Er kann also eigenmächtig u. a. "keine Veräußerung der seiner Verwahrung anvertrauten Güter vornehmen" und "keinen Pachtvertrag abschließen" .

Der Antrag auf Einleitung des Zusammenlegungsverfahrens ist kein Geschäft, das zum "ordentlichen Wirtschaftsbetrieb" gehört. Mit der Zusammenlegung ist nämlich notwendigerweise eine "Veräußerung" aller in sie einbezogenen Grundstücke des Betriebes verbunden; daran ändert der Umstand nichts, daß der Pflicht zur Hingabe der Grundstücke der Anspruch auf die Übertragung des Eigentums an Abfindungsgrundstücken verbunden ist. Die Liegenschaftssubstanz des Betriebes wird also umstrukturiert. Es ist ausgeschlossen, einen darauf abzielenden Rechtsakt als zum "ordentlichen" (gewöhnlichen, laufenden) Wirtschaftsbetriebe gehörend anzusehen.

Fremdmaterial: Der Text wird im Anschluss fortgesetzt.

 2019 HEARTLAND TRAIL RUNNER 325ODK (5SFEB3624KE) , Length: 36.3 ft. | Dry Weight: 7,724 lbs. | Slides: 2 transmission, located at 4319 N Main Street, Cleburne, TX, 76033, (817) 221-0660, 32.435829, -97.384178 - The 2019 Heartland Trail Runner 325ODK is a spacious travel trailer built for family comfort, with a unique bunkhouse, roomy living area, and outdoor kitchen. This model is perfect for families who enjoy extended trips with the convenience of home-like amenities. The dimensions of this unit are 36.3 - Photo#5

Für einen landwirtschaftlichen Betrieb ist die Liegenschaftssubstanz von ausschlaggebender Wichtigkeit für den Betriebserfolg. Wenn z. B. erheblich mehr als die Hälfte der Liegenschaftssubstanz des Betriebes in die Zusammenlegung einbezogen wird, ist es ausgeschlossen, den diesbezüglichen Antrag nicht als Rechtsgeschäft von größerer Wichtigkeit anzusehen.

Mangelt die gemäß {Allgemeines bürgerliches Gesetzbuch § 233, § 233 ABGB} erforderliche gerichtliche Einwilligung, ist der in Rede stehende Antrag ungültig.

Handelt es sich um einen an eine Behörde gestellten Antrag der Gemeinde als Träger subjektiver Rechte, so geht es nicht um "gemeindeinterne" Rechtsverhältnisse, sondern um die Frage der Rechtswirksamkeit des Antrages der Gemeinde, die nicht gegeben ist, wenn die Gemeinde das Begehren nicht durch das zuständige Organ gestellt hat.

Ein Antrag muß, um zulässig zu sein, der Rechtslage völlig entsprechen; es genügt nicht allein die einwandfreie äußere Form. Die Behörde hat die Zulässigkeit nach jeder Richtung hin zu prüfen.

Erläßt die Behörde einen antragsbedürftigen Bescheid, ohne daß die erforderlichen Anträge rechtswirksam gestellt waren, so fehlt ihr die Zuständigkeit. Das Recht, dem gesetzlichen Richter nicht entzogen zu werden, wird durch den Bescheid verletzt.